Many people are superstitious about Friday the 13th, and sadly, this year the feelings of unease were grounded.

In at least six coordinated attacks around Paris, terrorists took hostages at a concert, shot patrons at several restaurants and detonated suicide bombs at many locations around the city.

At the latest count, the death toll had risen to 132, making the “night of terror” the country’s deadliest happening since World War II.

Paris went into lock-down, and all of France’s borders were immediately closed.

In response, the colors of the French flag lit up national landmarks around the globe, and social media has turned into a sea of blue, white and red as people change their profile pictures in support.

But what about the funeral bombing in Baghdad?

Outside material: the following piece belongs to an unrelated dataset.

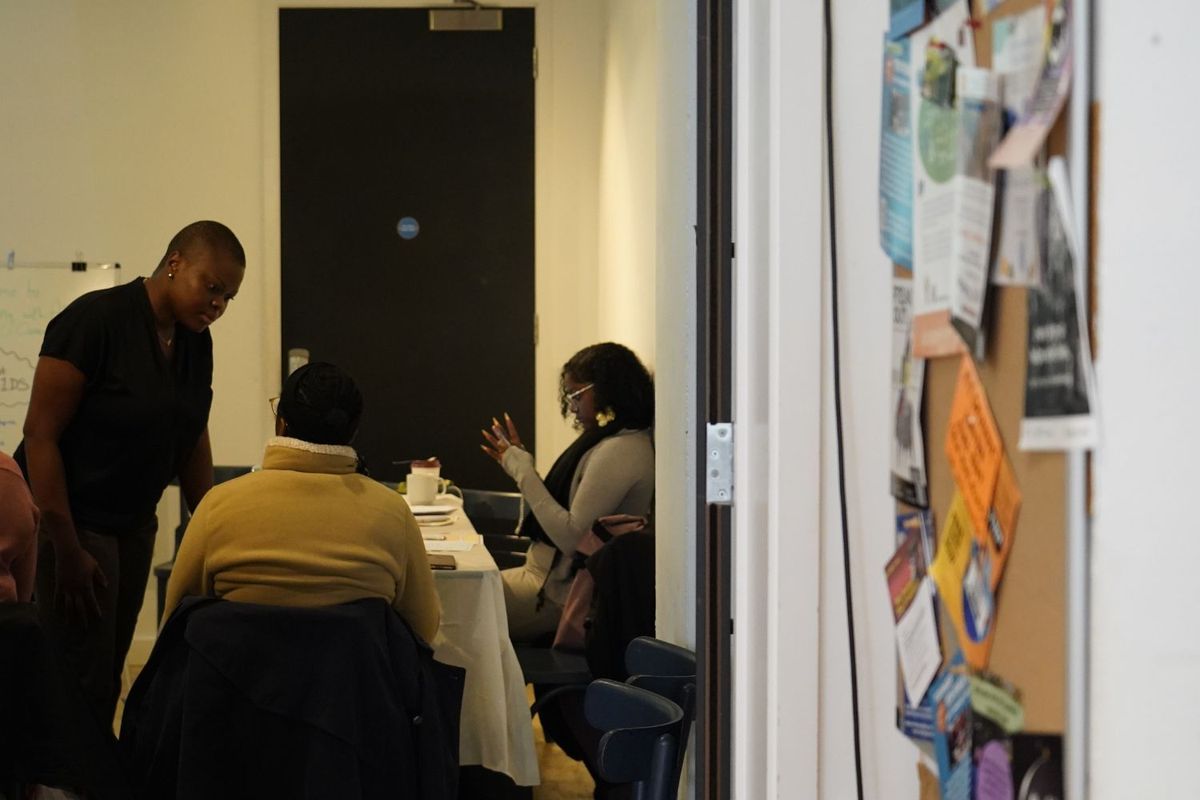 Stephanie Chisom Ozuo discusses with one of the participants at a careers workshop.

Or the suicide bombing in Beirut?

And how about the earthquakes in Mexico and Japan?

These stories may sound unfamiliar, as they have barely received any media attention, yet people affected by them  are hurting.

Worse still, what about the massive, unending flow of Syrian refugees?

These fleeing people, having just made it to relative safety in Europe, will now be turned away and treated with even more hostility and suspicion by the very countries that promised to welcome them just a few days ago.

As the holiday season is nearly in full swing here, students are getting ready to go home and to be surrounded by family.

But we at The Collegian urge the student body to take time to remember not only those who have been hurt in the attacks, but also those who have been displaced by the continually raging violence in the Middle East.

Remember those who do not have a home to return to and no real hope of having one in the near future.

Just because the media and Facebook are focusing on one horrific story, don’t forget about the other stories that do not get told.

Don’t get carried away by whatever trend is rocking the social media realm (whether it’s red cups, politics or a cat video) and ignore the bigger story of a hurting world.

Don’t allow your compassion to end with that colorful profile picture and a catchy hashtag; instead, work to show Christ’s love to the world.

Find a charity sending packages to help the refugee familes, or even just help at a soup kitchen over break.

Yes, go ahead and change that profile picture; use  the hashtags #prayforParis and #prayfortheworld; but remember to actually do that praying.

Put feet to that compassion  and make the difference.